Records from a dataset
+ + +

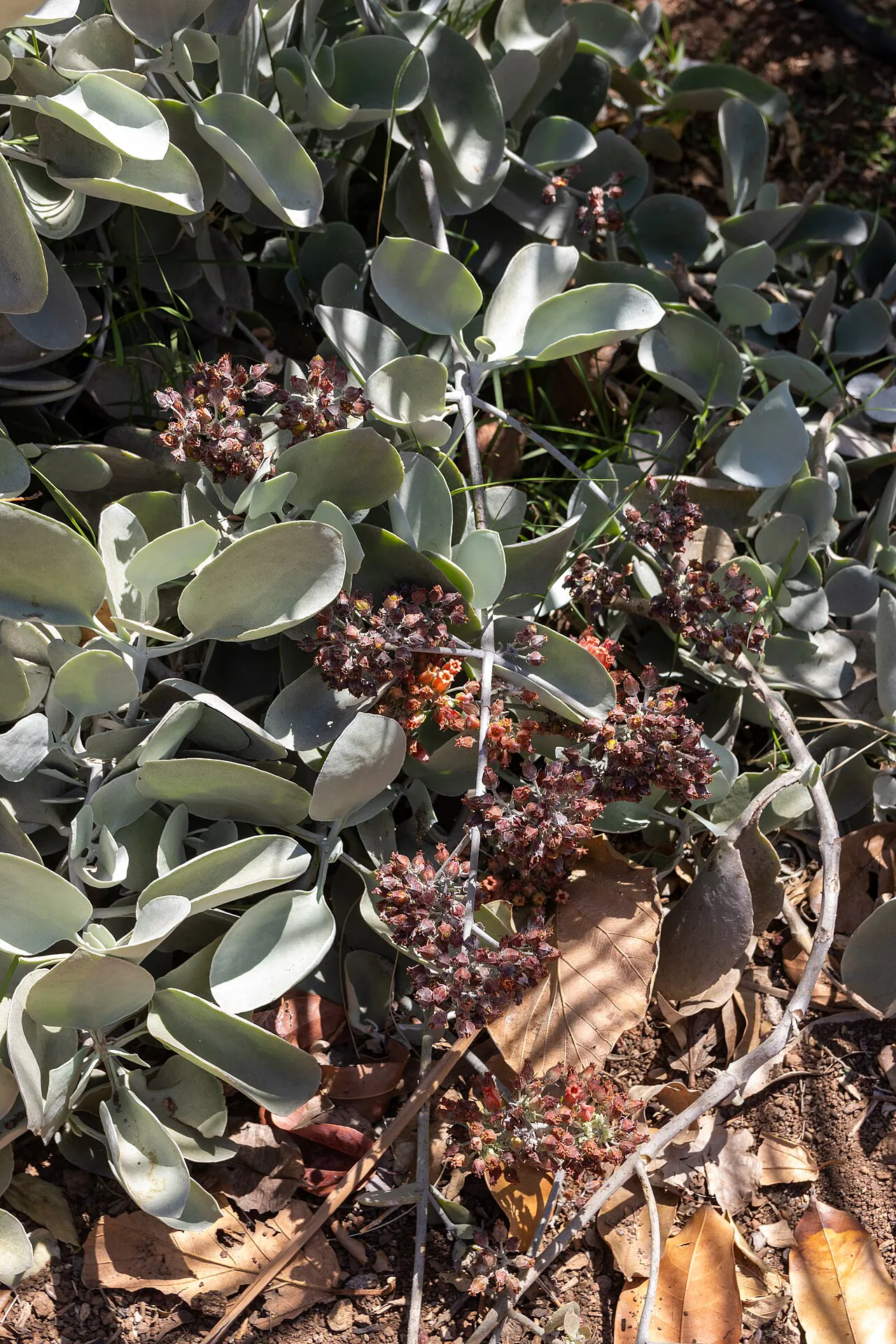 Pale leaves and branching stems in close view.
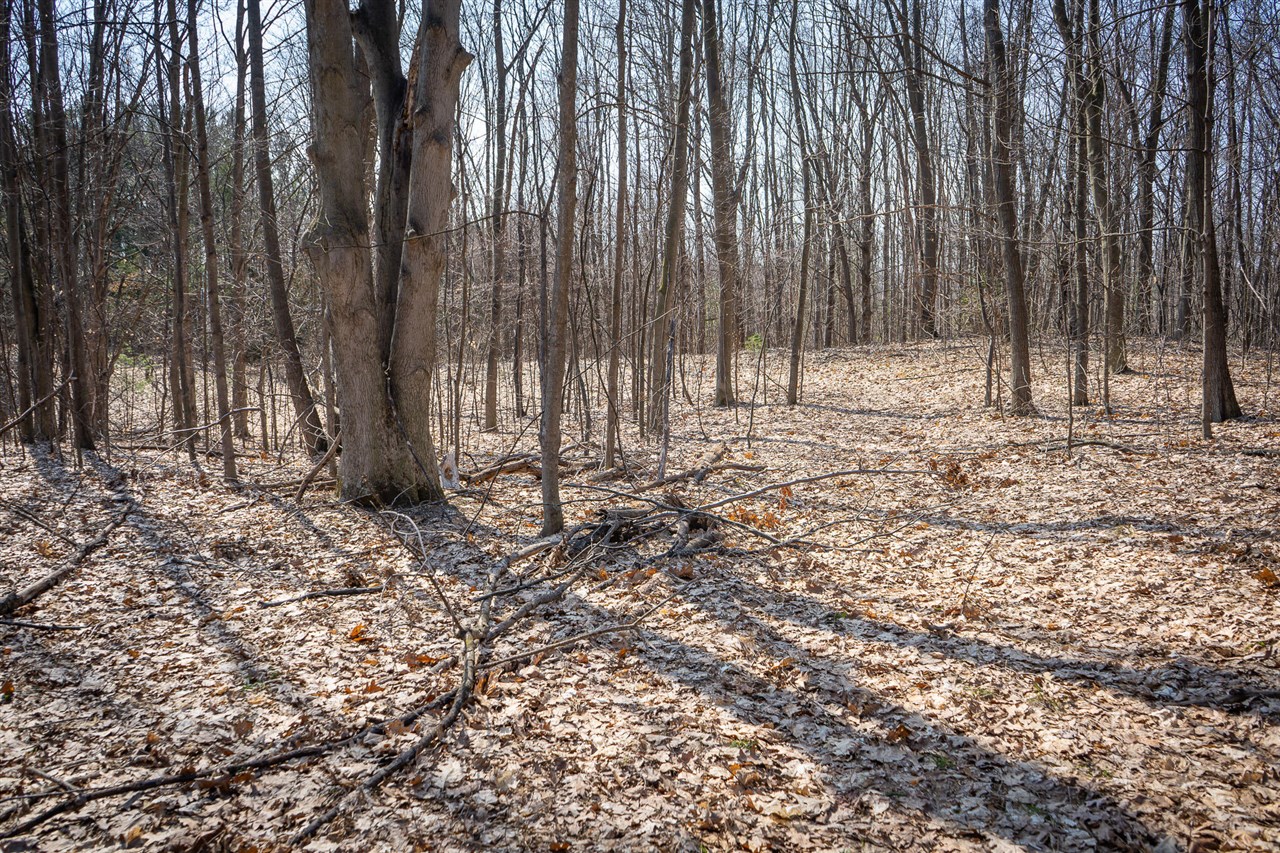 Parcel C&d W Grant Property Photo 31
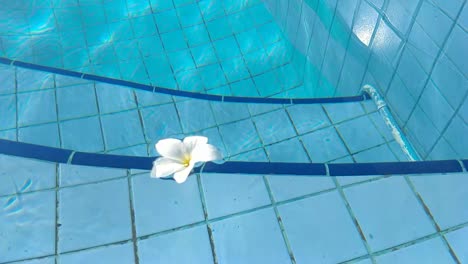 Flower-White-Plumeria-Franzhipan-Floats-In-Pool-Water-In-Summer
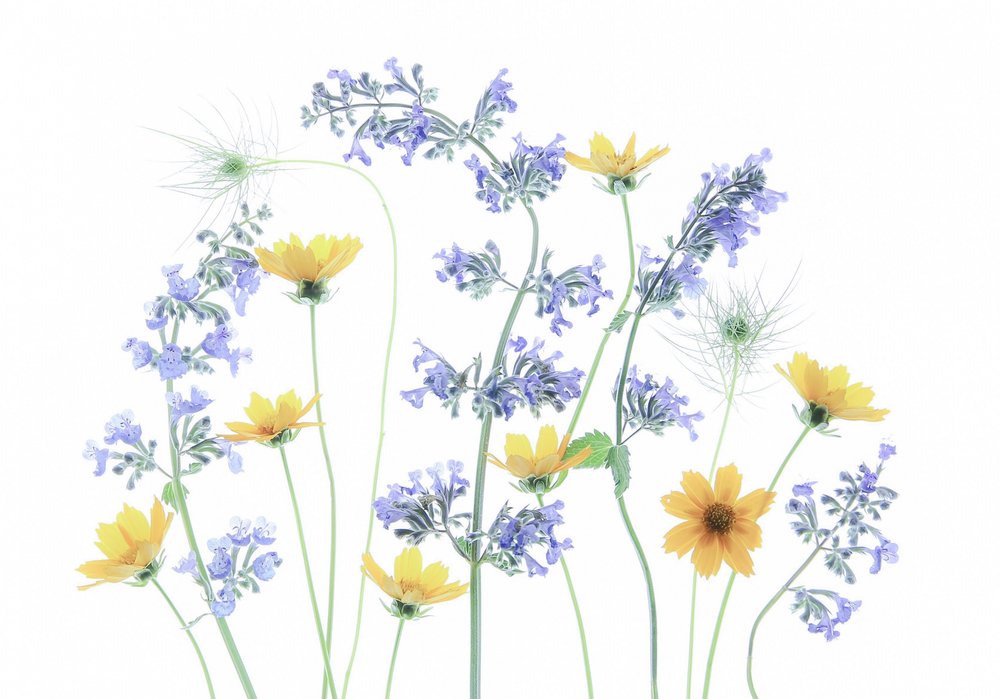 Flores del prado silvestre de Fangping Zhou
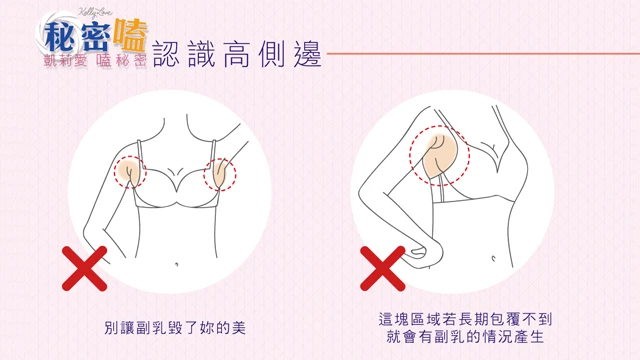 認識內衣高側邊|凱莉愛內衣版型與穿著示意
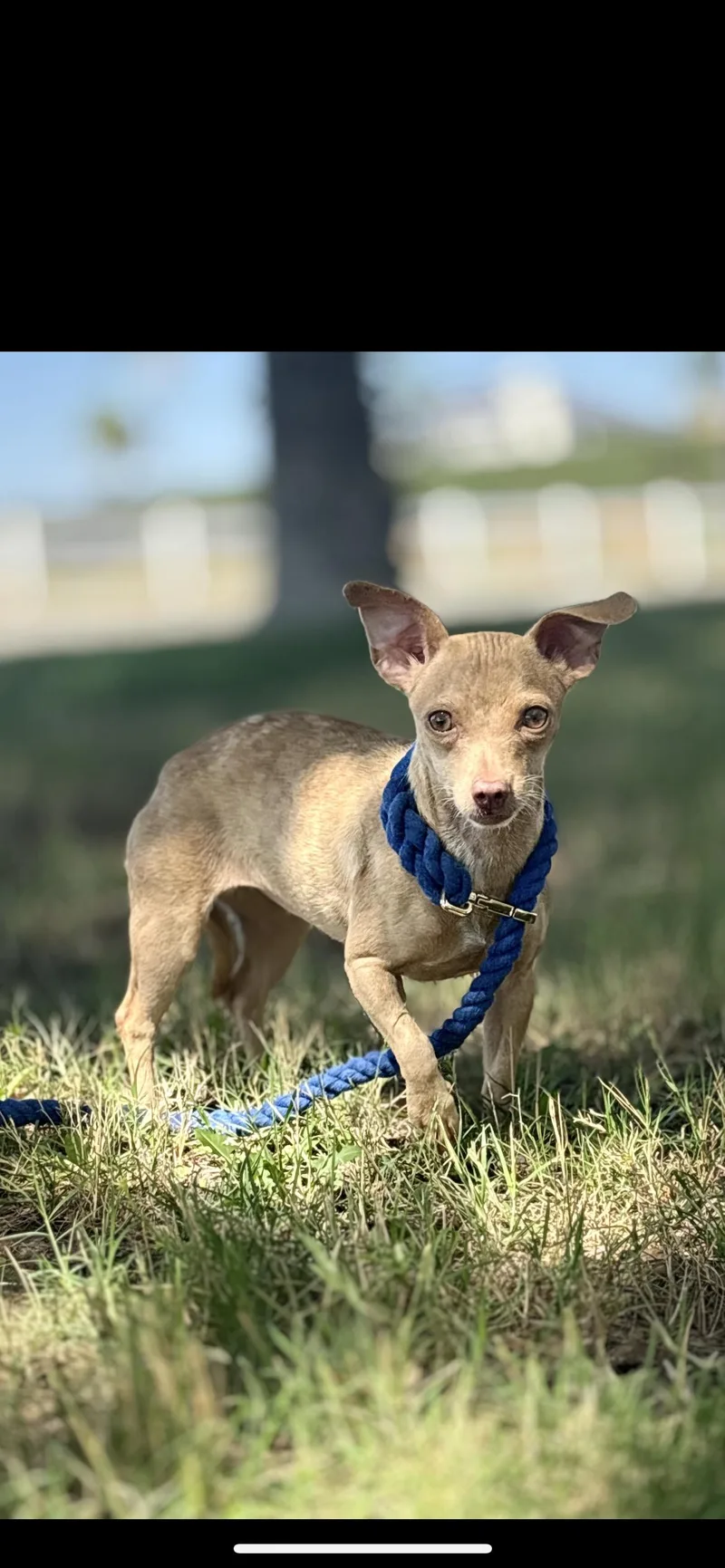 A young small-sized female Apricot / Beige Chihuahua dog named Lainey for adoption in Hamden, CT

+ + +

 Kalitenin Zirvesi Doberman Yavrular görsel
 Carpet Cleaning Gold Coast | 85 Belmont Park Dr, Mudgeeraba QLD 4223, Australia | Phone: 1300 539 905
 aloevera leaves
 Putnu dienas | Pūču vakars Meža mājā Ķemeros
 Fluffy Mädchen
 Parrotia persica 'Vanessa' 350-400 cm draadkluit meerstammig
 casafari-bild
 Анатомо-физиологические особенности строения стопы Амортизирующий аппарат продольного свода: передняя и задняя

+ + +

*Instructions to follow*. Copy only this part of the entries above: the line with "Carpet Cleaning Gold", the line with "casafari-bild", and the lines between, all exactly as written.

*Result of the task*.
 Carpet Cleaning Gold Coast | 85 Belmont Park Dr, Mudgeeraba QLD 4223, Australia | Phone: 1300 539 905
 aloevera leaves
 Putnu dienas | Pūču vakars Meža mājā Ķemeros
 Fluffy Mädchen
 Parrotia persica 'Vanessa' 350-400 cm draadkluit meerstammig
 casafari-bild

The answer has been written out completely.